I’ve always been keen on self-improvement. But when so much information exists, it’s hard to choose what to consume. I’ve hesitated to read self-help books because they mostly offer generic suggestions.
Not feeling productive? Take a 60-second cold shower every day.
Unable to manage time? Wake up at 5 AM daily.
What if I live in a hot, humid region where I take cold showers daily?
How can I wake up at 5 AM if my job allows me to sleep at 2 AM?
Self-help books aren’t personalized guides. They make blanket statements, and their tips are sometimes hard to follow.
When self-help books couldn’t help me, I started building my own habits to save time and be more productive.
Based on my experiments, here are five habits you can easily include in your daily routine. Each will take just 2 minutes, but their effects compound over time. These habits can help you save 20+ hours weekly.
1. Let the night show the day
Before winding up your work for the day, glance through all the tasks scheduled for tomorrow.
Make a strategic to-do list with all items arranged in descending order of priority. Keep the most essential tasks on top, followed by repetitive, mundane activities.
This simple practice eliminates the decision fatigue most of us face in the morning.
You wake up with a clear mind, aware that your day is planned to be productive.
Once you become a pro at scheduling, take it a notch higher by automating some repetitive tasks. While this is not mandatory, your priority-based to-do list can tell you which activities don’t require much attention.
See if you can leverage AI tools to automate these tasks and further simplify your to-do list.
2. The key is not to overwhelm yourself
Every day, think of the three most important tasks you have to do. These should be activities that have the biggest impact on your life. Ideally, you should identify these tasks the night before while making your to-do list.
Right after waking up, tackle these tasks first while you’re highest on energy.
Research shows that most morning people achieve 90% cognitive functioning by 9 AM, and it reduces to 81% by 1 PM. Thereafter, cognitive functioning continues to decline throughout the evening.
If you’re a morning person like me, you’ll be stress-free after waking up. Your mind won’t be jumbled with overwhelming thoughts. Seize this opportunity and finish the most crucial tasks first to spend a lighter day ahead.

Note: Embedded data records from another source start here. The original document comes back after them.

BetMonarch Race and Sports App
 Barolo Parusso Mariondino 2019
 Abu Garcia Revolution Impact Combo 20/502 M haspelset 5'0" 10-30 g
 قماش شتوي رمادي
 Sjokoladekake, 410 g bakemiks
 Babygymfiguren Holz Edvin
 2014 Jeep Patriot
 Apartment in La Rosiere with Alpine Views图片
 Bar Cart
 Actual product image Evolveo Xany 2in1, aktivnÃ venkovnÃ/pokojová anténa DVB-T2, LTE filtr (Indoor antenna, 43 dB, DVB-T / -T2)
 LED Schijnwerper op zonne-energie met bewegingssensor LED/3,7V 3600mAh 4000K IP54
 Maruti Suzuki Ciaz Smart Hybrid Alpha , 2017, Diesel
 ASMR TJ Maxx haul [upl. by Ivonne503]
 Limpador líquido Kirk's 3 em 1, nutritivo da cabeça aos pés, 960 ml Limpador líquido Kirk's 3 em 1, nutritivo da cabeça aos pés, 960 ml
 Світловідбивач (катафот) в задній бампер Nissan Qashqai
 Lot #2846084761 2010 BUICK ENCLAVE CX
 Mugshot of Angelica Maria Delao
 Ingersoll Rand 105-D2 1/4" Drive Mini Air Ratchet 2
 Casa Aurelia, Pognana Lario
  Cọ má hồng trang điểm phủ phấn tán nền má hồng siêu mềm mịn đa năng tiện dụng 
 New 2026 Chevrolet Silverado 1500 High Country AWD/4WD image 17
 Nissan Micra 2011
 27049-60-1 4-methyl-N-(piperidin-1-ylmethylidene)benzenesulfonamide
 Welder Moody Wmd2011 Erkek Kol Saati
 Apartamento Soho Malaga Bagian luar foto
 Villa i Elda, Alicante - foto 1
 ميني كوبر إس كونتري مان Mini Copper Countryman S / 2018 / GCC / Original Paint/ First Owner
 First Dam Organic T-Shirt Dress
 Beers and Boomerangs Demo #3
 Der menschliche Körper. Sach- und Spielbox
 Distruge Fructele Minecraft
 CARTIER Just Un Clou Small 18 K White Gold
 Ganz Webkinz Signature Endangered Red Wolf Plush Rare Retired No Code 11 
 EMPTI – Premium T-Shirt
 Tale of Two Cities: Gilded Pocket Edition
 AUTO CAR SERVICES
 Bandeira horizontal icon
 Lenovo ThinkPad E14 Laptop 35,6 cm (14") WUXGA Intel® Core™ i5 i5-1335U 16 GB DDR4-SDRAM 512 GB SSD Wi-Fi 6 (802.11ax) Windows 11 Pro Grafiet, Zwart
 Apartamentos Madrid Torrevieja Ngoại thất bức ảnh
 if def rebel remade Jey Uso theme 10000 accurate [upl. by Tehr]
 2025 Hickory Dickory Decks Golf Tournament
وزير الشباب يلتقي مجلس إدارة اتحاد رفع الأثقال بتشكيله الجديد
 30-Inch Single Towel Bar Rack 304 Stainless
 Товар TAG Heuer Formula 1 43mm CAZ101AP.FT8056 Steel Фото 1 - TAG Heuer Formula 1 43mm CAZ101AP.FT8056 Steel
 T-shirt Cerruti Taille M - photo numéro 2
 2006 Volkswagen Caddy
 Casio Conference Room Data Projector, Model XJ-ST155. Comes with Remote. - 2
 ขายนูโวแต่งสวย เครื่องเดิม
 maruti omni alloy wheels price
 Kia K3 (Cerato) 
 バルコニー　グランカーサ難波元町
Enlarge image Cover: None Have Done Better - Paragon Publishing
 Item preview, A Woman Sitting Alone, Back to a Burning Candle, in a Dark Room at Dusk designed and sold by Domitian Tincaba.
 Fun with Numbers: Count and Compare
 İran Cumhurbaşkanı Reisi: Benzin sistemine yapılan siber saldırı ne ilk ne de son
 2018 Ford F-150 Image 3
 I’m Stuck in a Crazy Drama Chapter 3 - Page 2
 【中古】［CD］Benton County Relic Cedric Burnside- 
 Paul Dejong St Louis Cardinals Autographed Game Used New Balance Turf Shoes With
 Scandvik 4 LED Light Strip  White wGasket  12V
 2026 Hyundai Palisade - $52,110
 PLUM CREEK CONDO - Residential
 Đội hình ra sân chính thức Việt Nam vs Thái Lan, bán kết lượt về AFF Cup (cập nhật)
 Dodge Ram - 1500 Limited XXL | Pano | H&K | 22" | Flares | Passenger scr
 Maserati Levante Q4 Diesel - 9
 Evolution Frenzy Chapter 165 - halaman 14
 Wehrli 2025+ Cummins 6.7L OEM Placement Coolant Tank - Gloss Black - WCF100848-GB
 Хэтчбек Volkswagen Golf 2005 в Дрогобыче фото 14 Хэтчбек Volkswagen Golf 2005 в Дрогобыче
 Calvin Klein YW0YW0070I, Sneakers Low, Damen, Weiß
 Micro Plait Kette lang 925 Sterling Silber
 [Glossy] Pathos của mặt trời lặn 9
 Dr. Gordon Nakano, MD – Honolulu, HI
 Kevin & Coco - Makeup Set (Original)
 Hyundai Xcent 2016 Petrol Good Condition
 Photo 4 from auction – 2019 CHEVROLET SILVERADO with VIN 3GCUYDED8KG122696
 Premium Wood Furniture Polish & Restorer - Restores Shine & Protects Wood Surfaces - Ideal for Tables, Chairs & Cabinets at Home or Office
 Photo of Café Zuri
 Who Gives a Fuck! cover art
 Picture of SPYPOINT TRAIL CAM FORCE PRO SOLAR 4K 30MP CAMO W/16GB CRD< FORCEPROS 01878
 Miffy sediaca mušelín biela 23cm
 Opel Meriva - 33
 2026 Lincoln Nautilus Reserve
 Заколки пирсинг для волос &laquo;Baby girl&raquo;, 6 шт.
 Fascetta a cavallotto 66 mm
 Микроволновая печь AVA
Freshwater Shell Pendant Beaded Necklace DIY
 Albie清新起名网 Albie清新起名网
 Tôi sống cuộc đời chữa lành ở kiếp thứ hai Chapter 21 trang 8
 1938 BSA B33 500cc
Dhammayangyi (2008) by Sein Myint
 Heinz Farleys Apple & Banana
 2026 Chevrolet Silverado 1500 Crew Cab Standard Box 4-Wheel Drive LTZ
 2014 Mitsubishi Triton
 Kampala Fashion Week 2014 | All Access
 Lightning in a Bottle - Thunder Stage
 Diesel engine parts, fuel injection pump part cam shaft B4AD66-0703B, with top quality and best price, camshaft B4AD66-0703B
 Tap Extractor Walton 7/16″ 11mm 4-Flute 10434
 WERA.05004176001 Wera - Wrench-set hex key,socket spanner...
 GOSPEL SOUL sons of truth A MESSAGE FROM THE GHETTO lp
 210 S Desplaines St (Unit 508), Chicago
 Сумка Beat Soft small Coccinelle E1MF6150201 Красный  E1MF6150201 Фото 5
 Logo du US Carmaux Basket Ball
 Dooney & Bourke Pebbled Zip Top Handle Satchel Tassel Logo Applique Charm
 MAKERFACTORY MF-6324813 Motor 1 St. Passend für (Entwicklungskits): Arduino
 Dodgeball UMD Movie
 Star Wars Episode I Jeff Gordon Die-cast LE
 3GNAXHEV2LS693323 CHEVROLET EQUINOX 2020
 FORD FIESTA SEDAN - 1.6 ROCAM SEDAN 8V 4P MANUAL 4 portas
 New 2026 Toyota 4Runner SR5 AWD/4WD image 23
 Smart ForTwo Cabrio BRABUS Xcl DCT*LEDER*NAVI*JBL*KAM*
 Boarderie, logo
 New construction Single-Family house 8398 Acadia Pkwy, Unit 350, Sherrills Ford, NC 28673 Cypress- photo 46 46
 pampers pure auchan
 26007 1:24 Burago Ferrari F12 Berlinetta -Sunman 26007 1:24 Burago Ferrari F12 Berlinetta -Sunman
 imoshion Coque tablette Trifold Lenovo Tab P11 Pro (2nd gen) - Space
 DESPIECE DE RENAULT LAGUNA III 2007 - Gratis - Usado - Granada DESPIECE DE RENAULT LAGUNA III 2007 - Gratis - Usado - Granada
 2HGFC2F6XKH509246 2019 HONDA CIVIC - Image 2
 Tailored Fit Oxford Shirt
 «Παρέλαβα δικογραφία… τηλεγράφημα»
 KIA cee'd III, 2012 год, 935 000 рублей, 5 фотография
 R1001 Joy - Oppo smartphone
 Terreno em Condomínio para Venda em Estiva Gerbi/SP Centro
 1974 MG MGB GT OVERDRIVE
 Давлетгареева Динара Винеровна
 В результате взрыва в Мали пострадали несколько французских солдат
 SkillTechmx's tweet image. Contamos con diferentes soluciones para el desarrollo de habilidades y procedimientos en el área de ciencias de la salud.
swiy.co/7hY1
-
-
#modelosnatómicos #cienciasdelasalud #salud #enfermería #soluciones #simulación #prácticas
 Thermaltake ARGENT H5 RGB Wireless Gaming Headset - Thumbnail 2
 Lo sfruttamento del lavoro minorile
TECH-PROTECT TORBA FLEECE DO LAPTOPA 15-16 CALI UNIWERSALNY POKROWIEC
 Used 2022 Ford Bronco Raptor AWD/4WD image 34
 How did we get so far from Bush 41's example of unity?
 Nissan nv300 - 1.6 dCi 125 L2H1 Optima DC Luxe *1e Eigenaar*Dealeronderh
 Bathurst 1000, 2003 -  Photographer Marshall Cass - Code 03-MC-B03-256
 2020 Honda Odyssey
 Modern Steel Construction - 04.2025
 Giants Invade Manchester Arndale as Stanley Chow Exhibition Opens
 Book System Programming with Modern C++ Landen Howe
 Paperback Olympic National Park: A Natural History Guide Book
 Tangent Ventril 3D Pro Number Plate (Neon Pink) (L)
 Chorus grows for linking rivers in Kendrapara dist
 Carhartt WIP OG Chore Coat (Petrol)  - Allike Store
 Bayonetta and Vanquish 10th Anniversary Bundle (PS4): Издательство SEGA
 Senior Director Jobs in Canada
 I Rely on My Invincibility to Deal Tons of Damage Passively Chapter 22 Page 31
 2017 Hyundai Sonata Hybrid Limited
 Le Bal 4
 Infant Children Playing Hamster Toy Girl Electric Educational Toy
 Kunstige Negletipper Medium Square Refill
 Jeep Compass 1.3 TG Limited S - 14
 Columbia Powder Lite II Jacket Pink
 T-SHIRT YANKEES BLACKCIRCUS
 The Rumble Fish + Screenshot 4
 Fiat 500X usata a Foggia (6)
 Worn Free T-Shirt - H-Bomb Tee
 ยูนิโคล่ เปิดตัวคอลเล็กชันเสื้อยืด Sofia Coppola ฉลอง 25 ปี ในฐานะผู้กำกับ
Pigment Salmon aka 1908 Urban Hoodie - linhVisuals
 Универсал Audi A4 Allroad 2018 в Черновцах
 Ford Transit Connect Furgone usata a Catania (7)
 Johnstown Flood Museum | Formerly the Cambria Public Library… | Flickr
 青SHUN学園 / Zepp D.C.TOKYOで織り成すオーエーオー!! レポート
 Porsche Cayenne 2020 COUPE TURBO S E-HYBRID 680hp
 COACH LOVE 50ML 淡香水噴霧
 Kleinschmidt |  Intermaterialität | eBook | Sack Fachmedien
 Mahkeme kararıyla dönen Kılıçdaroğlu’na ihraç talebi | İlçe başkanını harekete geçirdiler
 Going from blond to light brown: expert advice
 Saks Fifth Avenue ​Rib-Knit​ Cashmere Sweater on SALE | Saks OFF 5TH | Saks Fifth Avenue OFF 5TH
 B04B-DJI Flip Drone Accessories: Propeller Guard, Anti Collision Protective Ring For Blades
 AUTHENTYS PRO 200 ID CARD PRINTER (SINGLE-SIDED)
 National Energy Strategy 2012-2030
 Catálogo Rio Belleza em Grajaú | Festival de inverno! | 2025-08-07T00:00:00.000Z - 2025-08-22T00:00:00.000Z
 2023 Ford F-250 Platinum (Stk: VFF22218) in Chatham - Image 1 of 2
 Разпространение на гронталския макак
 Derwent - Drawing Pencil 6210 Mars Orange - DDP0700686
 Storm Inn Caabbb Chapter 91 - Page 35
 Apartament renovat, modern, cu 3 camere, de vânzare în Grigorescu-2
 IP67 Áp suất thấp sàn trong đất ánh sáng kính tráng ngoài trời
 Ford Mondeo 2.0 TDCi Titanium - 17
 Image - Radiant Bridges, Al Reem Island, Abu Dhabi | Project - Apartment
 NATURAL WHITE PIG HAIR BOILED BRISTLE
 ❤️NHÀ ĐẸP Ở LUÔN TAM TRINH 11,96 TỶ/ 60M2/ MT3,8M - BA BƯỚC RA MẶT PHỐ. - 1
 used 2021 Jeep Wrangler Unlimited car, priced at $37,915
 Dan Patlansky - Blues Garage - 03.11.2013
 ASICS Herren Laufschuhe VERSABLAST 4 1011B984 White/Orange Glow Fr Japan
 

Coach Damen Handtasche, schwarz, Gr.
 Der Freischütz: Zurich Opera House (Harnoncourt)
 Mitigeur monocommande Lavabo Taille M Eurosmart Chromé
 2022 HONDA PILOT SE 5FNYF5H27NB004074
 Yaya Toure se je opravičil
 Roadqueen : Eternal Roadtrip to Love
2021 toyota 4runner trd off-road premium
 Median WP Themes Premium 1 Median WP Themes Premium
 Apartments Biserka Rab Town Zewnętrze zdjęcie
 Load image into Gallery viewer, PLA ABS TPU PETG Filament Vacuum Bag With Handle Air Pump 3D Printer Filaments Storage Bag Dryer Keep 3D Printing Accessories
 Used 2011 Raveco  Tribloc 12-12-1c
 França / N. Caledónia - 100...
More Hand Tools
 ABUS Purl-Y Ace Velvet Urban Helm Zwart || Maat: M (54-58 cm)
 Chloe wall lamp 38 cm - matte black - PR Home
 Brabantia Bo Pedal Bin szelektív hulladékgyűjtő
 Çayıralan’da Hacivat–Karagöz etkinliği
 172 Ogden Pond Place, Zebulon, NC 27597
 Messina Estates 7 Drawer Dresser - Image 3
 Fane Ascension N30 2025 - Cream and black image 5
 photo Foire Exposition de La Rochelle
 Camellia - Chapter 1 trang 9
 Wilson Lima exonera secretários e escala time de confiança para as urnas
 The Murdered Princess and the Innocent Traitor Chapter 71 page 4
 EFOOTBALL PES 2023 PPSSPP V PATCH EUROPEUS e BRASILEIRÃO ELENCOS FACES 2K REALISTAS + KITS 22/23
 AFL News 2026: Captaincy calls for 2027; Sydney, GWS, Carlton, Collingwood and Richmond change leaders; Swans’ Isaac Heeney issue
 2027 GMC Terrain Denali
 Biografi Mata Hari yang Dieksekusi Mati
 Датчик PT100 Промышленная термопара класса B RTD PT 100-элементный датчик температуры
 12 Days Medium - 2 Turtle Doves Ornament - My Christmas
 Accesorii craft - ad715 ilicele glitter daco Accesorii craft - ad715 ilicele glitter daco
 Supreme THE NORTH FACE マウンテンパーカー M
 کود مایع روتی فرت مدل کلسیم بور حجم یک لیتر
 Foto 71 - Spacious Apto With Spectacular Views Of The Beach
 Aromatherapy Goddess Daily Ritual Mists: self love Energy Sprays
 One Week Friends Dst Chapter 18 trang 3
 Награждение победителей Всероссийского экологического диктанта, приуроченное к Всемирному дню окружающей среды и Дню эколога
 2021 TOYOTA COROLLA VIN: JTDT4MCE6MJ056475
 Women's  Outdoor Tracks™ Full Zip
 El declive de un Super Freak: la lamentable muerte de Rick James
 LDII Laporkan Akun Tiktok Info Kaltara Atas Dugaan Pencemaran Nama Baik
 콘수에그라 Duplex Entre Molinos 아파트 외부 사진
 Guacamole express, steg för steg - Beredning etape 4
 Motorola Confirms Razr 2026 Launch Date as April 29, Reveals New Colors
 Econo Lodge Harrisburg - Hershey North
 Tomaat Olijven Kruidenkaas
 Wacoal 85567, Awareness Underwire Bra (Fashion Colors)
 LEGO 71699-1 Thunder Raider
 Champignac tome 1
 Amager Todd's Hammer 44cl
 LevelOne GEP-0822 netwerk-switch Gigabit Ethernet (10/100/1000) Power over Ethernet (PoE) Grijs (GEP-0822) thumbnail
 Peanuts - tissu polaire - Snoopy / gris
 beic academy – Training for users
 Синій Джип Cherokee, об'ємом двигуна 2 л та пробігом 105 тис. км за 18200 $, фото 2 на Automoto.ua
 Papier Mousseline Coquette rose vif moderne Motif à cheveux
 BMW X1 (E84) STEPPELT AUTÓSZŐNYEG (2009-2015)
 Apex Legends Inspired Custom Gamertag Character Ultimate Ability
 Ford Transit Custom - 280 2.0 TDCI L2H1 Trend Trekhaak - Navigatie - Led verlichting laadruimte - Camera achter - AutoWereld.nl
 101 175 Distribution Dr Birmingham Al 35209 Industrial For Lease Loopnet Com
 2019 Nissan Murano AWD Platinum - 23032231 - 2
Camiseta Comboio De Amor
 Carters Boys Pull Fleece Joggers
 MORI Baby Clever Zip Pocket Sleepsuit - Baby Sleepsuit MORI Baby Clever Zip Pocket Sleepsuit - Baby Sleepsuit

This is more of a mindset shift than a habit, but its regular practice has immensely changed my life. Try it for yourself.
3. Know when you’ll be doing what
When you sit to plan the next day, don’t just create a to-do list to refer to. Right from 12 AM to 11:59 PM, time-block to the last minute on how you plan to spend your day.
It may sound excessive while starting, but trust me on this one. Mark each little detail, be it your bathing time, TV break, or an outing with friends.
Out on vacation? Use your itinerary to time-block your day.
Once you get into this practice, you’ll nail the art of time management.
Time-blocking eliminates the chances of having free time when you’re tempted to “quickly check” your phone and fall into the abyss of doom scrolling.
This habit prevents time wastage on redundant things and distractions.
The onus of sticking to your decided time is on you. Don’t start by challenging yourself and allowing less time to do a task.
If you need 30 minutes to respond to all the emails, allocate 45 minutes to have a breather.
When you consciously make your schedule easier to follow, you’ll stick to it better.
4. Use the weekends well
This one is especially true for all my readers who live alone. You’re doing your job as well as household chores. Throughout the day, you wonder what to eat next and despise unexpected grocery runs.
Require an easy out? Utilize the weekends to plan your weekly meals.
Make a digital or handwritten timetable with meal plans for the entire week. Use this meal plan to list the groceries and shop for the week in advance.
Meal prepping will reduce unnecessary mental exercise and save time by eliminating multiple grocery trips.
If you’re particularly free on the weekends, consider batch-cooking meals or chopping vegetables and making sauces to expedite the cooking process. Although this will take longer than 2 minutes, you’ll surely thank me later.
Another unexpected benefit of meal prep is the reduction of unhealthy meals. When you spend too much time wondering what to eat, and it gets too late to cook, you order food online.
Meal prepping avoids such situations and ensures you don’t succumb to junk food cravings when your refrigerator is empty.
5. Do nothing outside
This 2-minute practice is the simplest of the lot but heavily effective.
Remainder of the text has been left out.